[Source material]
_ _ _ _ _
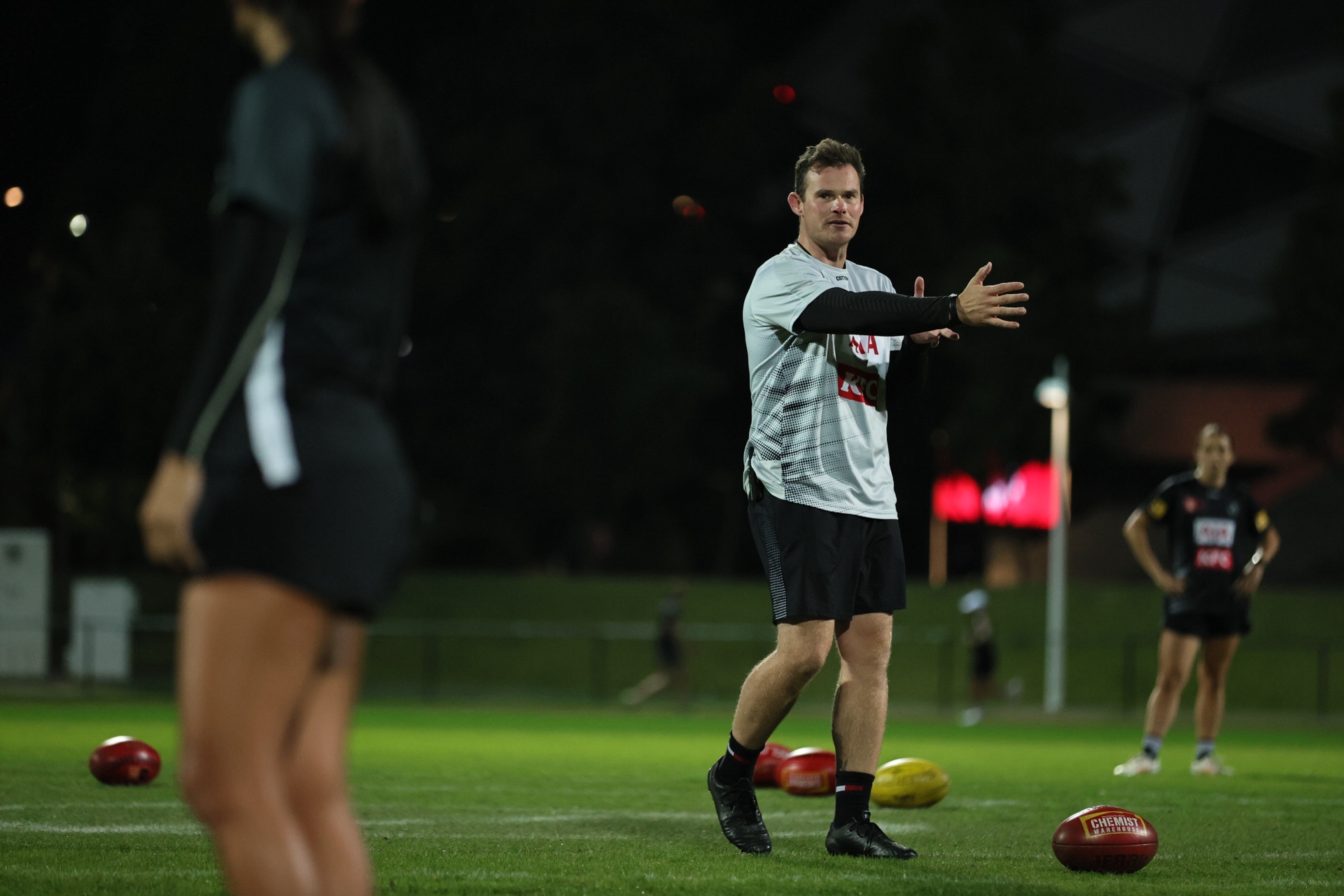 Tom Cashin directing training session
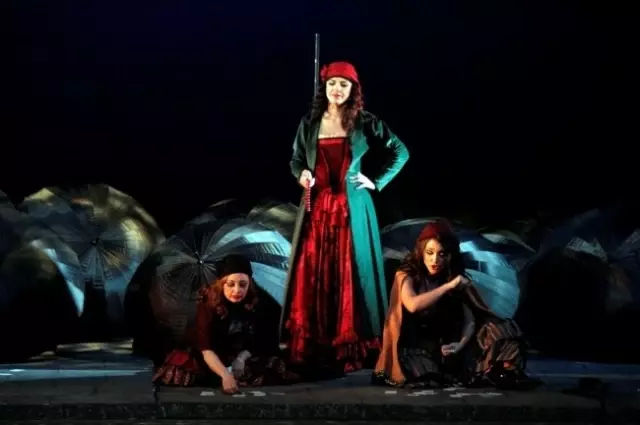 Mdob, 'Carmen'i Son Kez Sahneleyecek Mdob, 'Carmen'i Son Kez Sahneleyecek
_ _ _ _ _
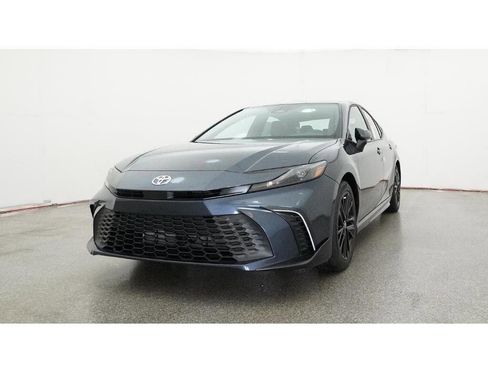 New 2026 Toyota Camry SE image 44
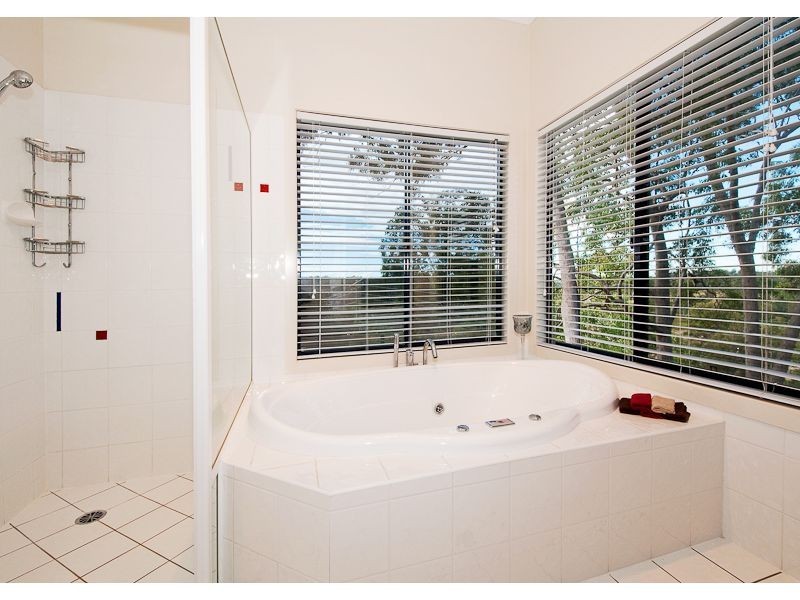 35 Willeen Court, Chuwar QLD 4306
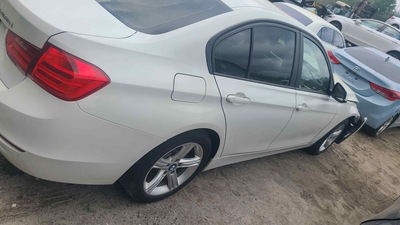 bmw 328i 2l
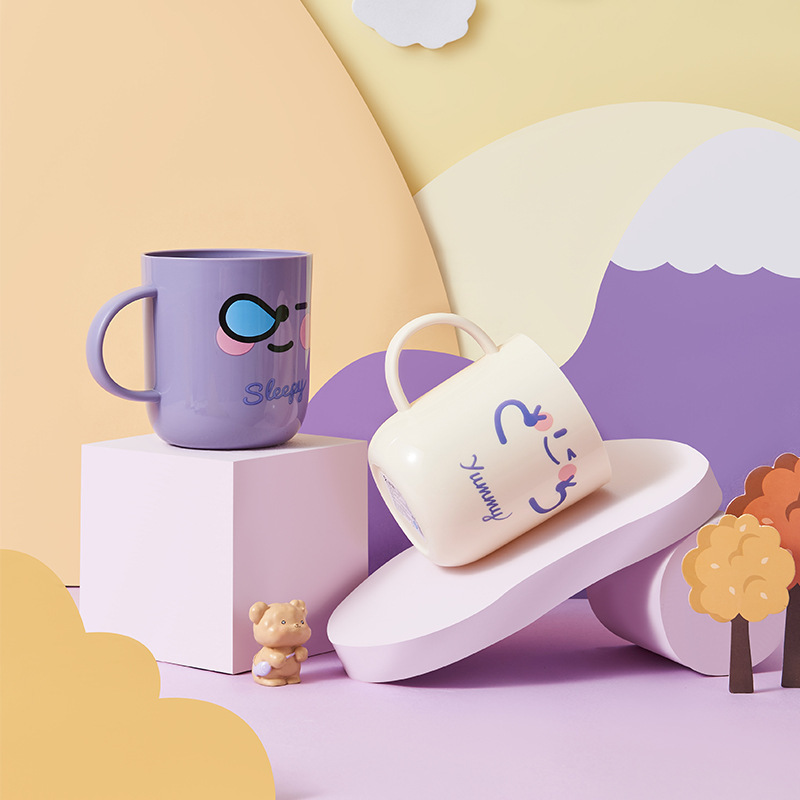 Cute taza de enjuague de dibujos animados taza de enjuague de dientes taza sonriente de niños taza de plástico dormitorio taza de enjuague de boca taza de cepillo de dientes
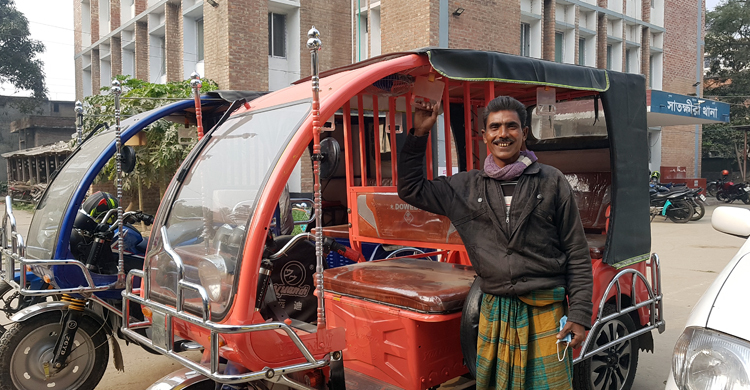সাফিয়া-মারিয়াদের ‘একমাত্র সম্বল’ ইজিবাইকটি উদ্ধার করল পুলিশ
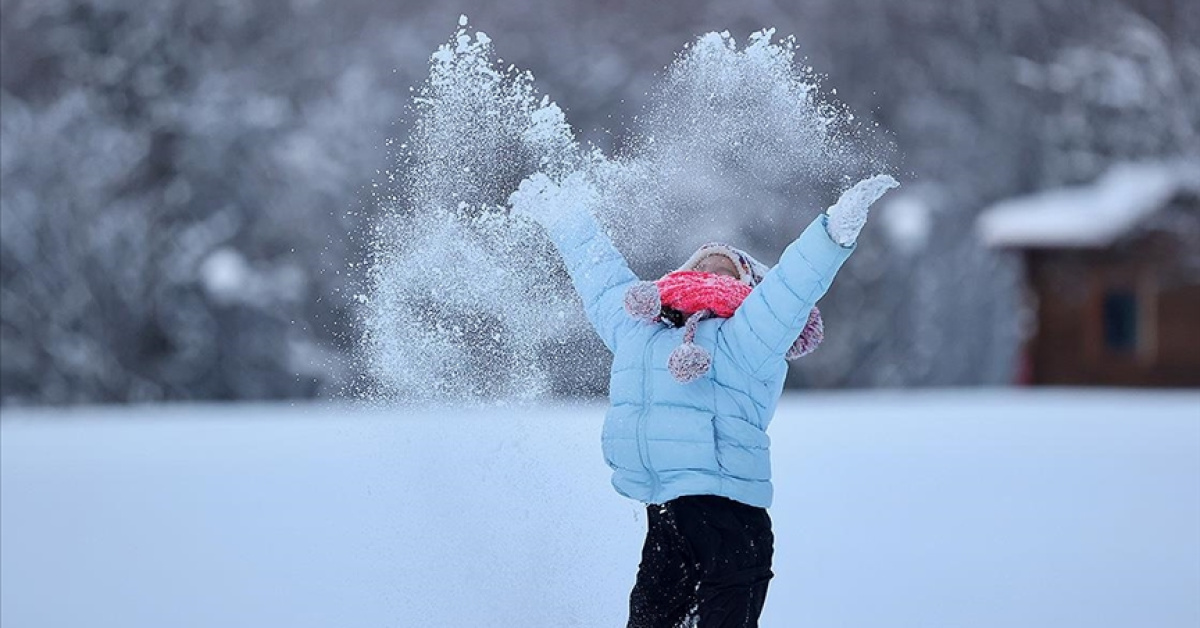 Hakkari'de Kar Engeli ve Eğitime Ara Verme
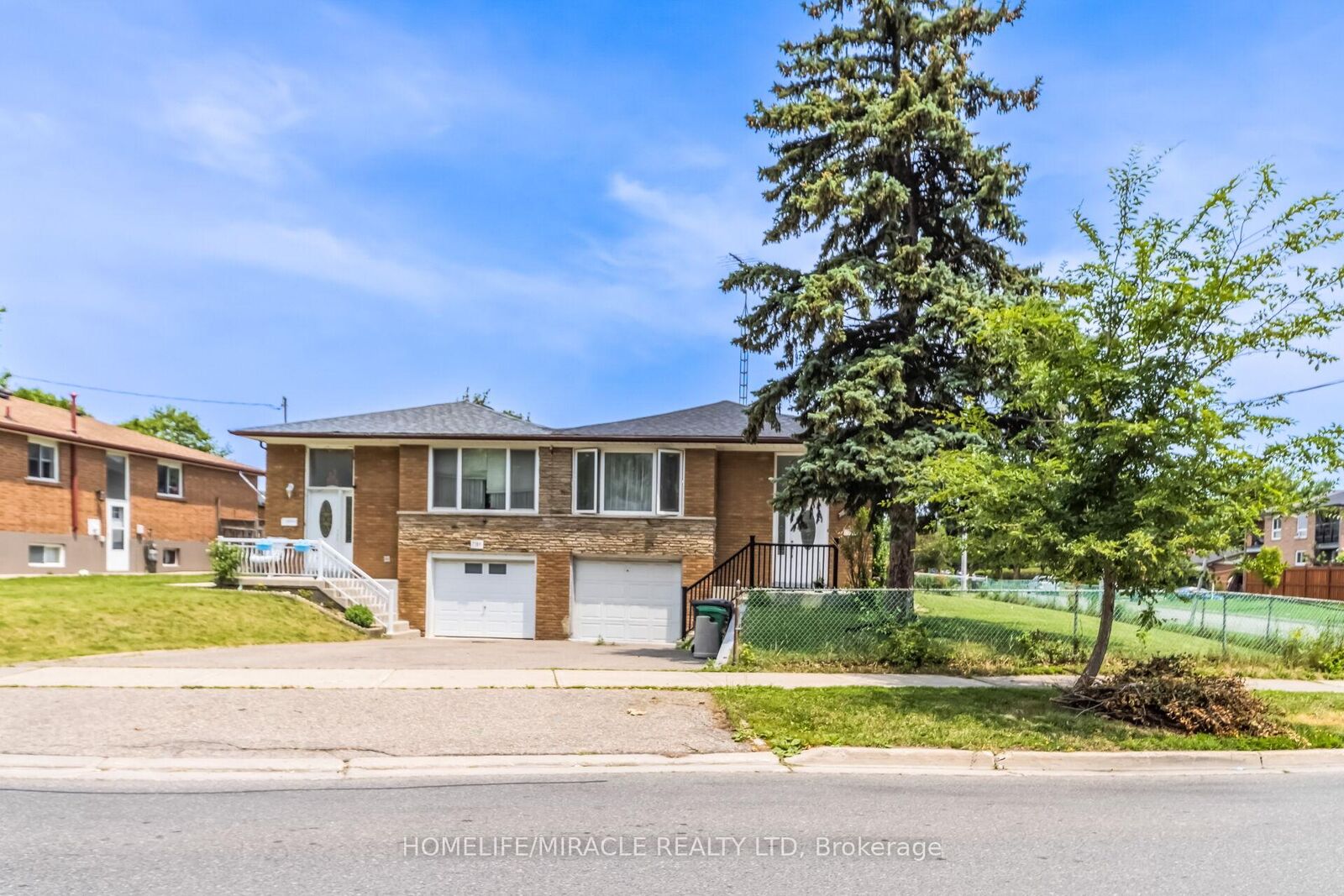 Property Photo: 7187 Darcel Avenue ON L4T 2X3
_ _ _ _ _
[What this task involves]
Look above for the line with "New 2026 Toyota Camry SE image 44", then print it and each line after it down to and including the line with "Property Photo: 7187". Leave out the pictures and keep the wording exact.

[Result of the exercise]
 New 2026 Toyota Camry SE image 44
 35 Willeen Court, Chuwar QLD 4306
 bmw 328i 2l
 Cute taza de enjuague de dibujos animados taza de enjuague de dientes taza sonriente de niños taza de plástico dormitorio taza de enjuague de boca taza de cepillo de dientes
সাফিয়া-মারিয়াদের ‘একমাত্র সম্বল’ ইজিবাইকটি উদ্ধার করল পুলিশ
 Hakkari'de Kar Engeli ve Eğitime Ara Verme
 Property Photo: 7187 Darcel Avenue ON L4T 2X3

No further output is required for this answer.